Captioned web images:

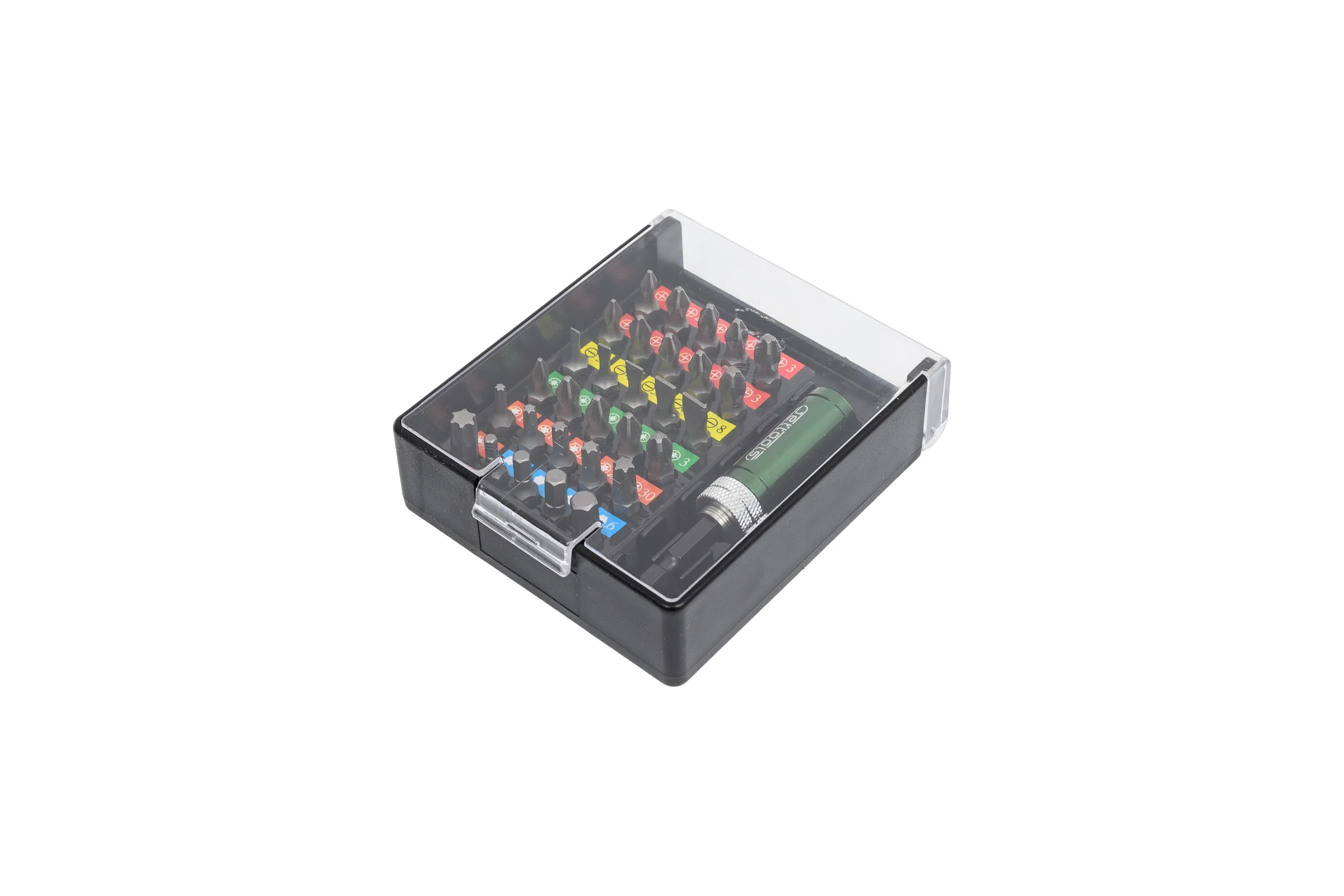 Биты в наборе с адаптером 30 шт Jettools W-4731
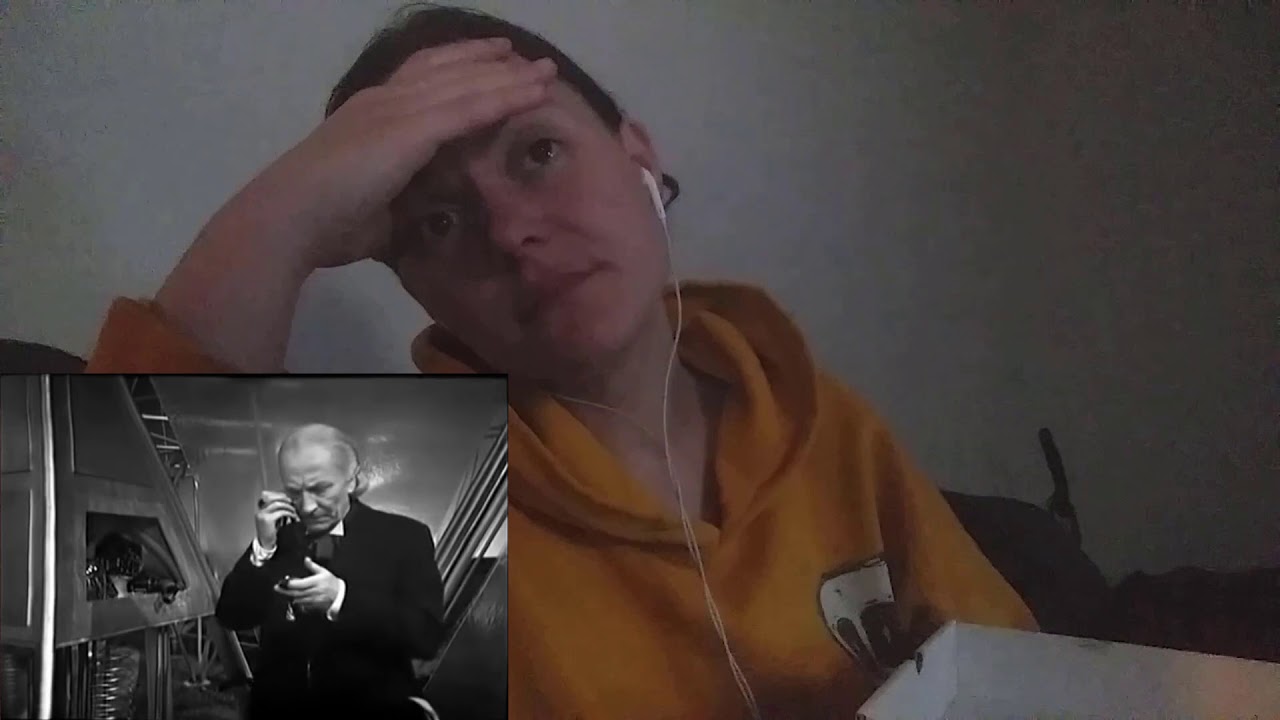 Classic Doctor Who | S3 - Galaxy 4: Part Three | Reaction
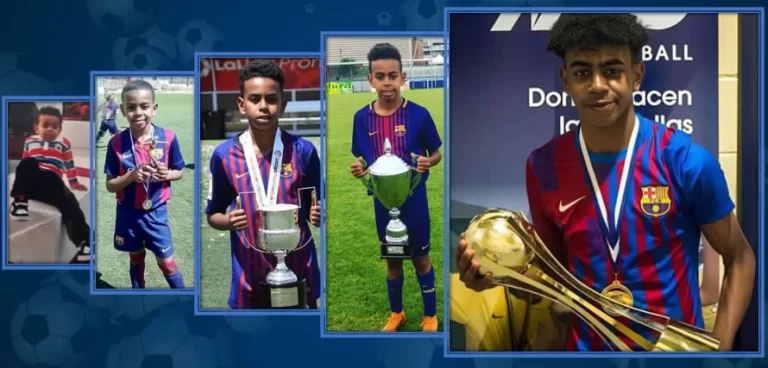 He is nicknamed 'Mini Messi'. Lamine Yamal Bio: Family, Career, Age, Net worth 2023. 2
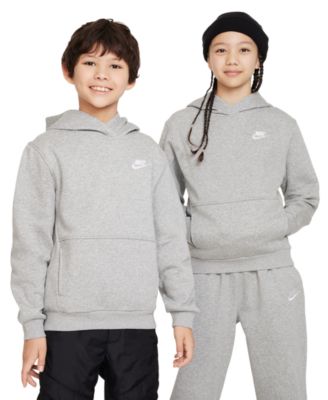 Boys and Girls Sportswear Club Fleece Pullover Hoodie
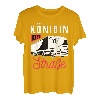 Königin der Straße - LKW-Fahrerin & Truckerin T-Shirt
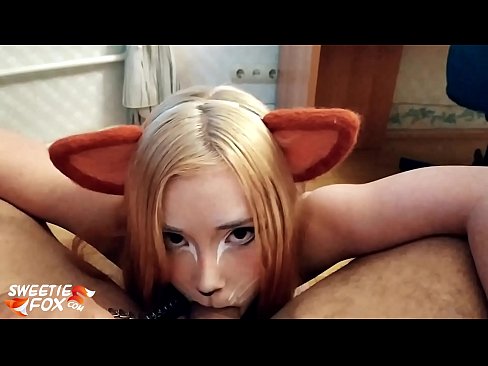 ❤️ Kitsune avalant une bite et du sperme dans sa bouche ❤️❌ Vidéo de sexe at fr.pinkporno.ru ❤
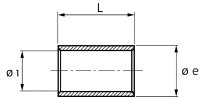 Neizolovaná paralelní spojka Cu 120/20 mm (25 ks) CIMCO 183200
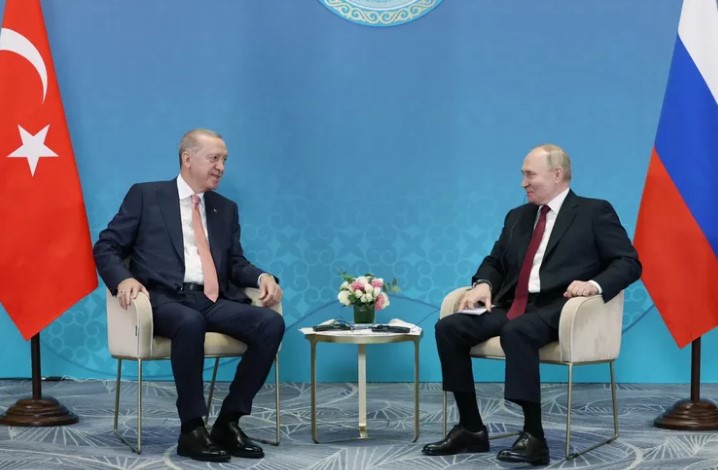 Erdoğan, Putin ile ‘Suriye’de İstikrar’ Konusunu Görüştü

= About this exercise =
From the line containing "Neizolovaná paralelní spojka" to the last line of the records above, return each line exactly, both ends included, and nothing more. Leave out the pictures.

= Result =
 Neizolovaná paralelní spojka Cu 120/20 mm (25 ks) CIMCO 183200
 Erdoğan, Putin ile ‘Suriye’de İstikrar’ Konusunu Görüştü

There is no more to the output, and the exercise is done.